Opinion | A directional Budget that doesn’t go far enough to kick-start economy3 min read . Updated: 02 Feb 2020, 01:16 AM IST
For the short-term, the budget could have done more to boost consumption
This year’s budget was directionally sound, but could have done more to jump-start a stalling Indian economy. The focus on technology, connectivity, infrastructure development, as well as greater investments in healthcare and education, were steps in the right direction and will play out in the medium- to long-term. For the short-term, the budget could have done more to boost consumption by putting additional money in the hands of individuals and boosting the export sector. It did neither. Also, the investment commitment in this budget was not enough to spur the growth needed to achieve a $5-trillion economy by FY24.

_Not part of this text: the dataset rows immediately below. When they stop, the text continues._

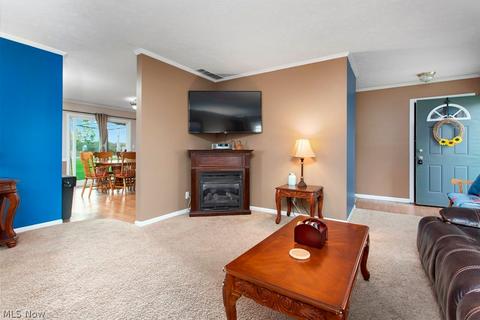 17384 Fairway Dr, Lagrange, OH 44050 photo 4
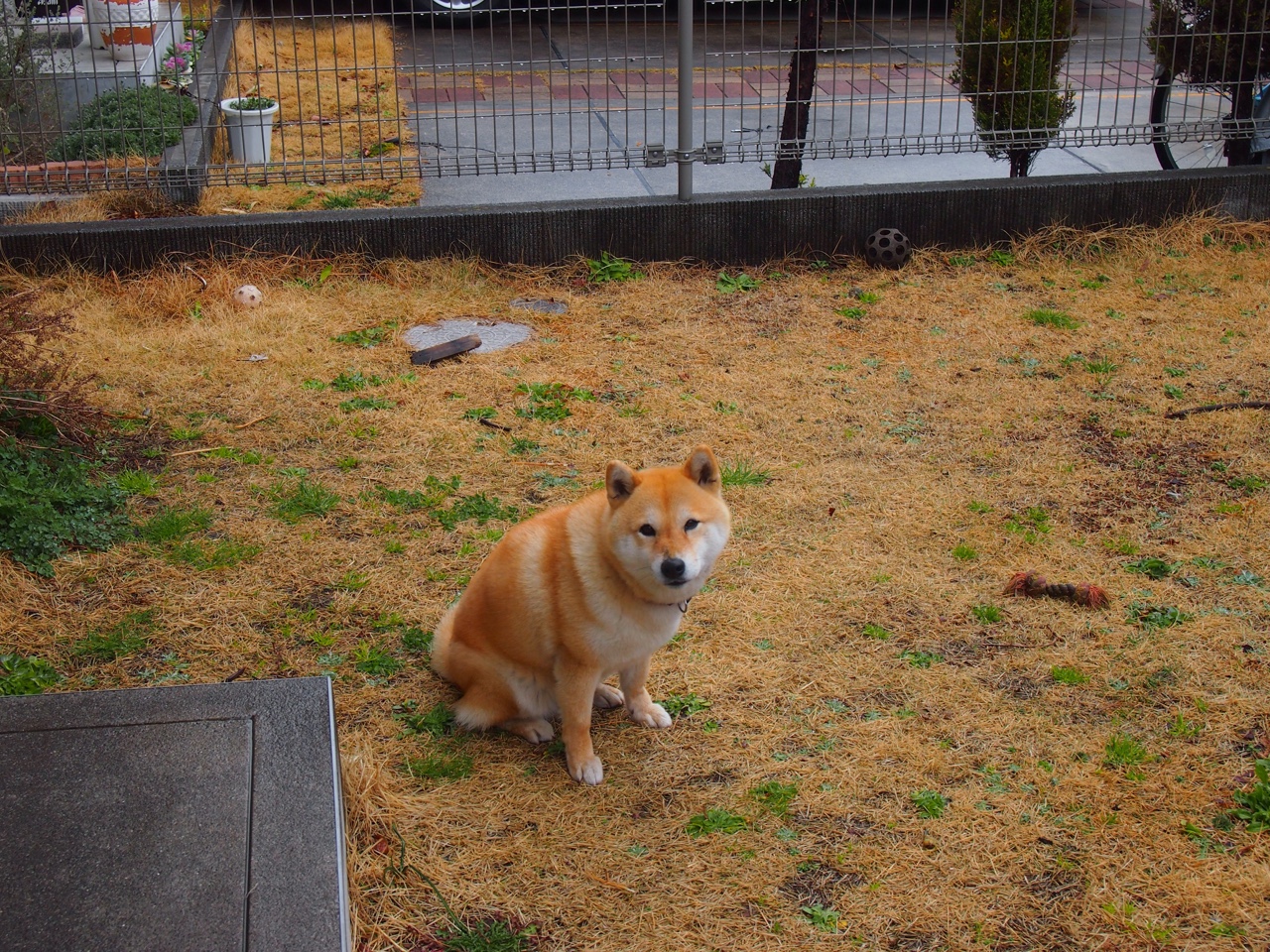 开云入口-全国青少年“篮球先锋”系列公益活动在西安持续进行，惠及边远地区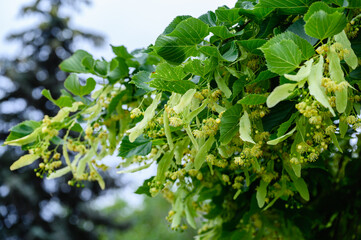 Fototapeta na wymiar Branch of blooming linden tree with yellow flowers, closeup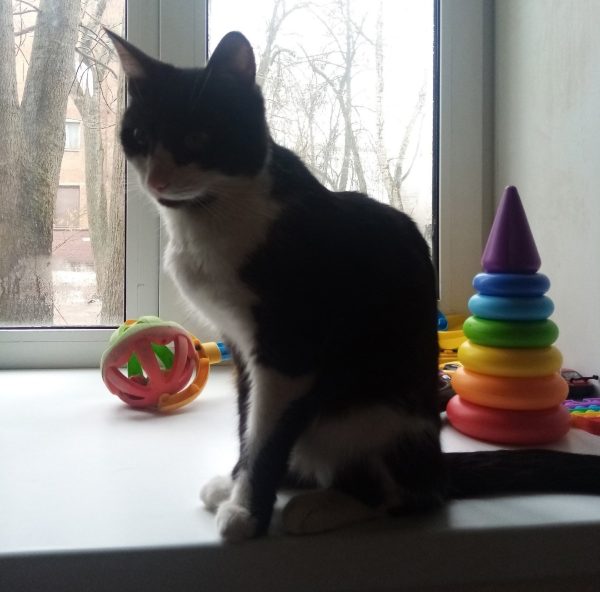 Нижегородка нашла кота через 30 дней после его исчезновения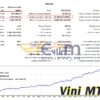 Vini MT4 Backtests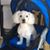 Jorge H. Rivera's profile image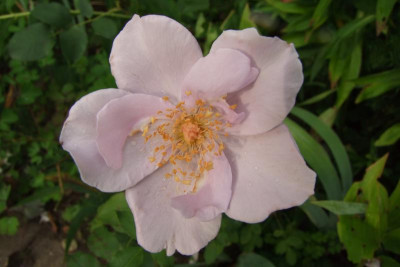 2015_0815GartenTaglilien0011.JPG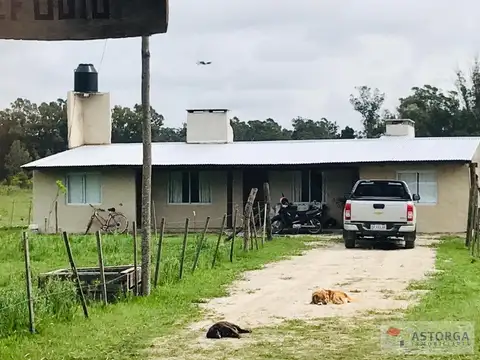 Lindisima chacra en excelentes 2,6 hectáreas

Though the finance minister changed personal income-tax rates, I don’t think it would do enough to increase disposable income in the hands of the middle class, especially when exemptions are being withdrawn. Shifting the dividend distribution tax (DDT) to individuals from companies will make it difficult for individuals to hang on to more money, thus potentially offsetting the benefits from the income tax rate changes.
At the same time, the minister’s proposal of a “taxpayer charter" and the promise to end tax harassment through proposed amendments to the Companies Act for removing criminal action would reassure and infuse trust among India Inc.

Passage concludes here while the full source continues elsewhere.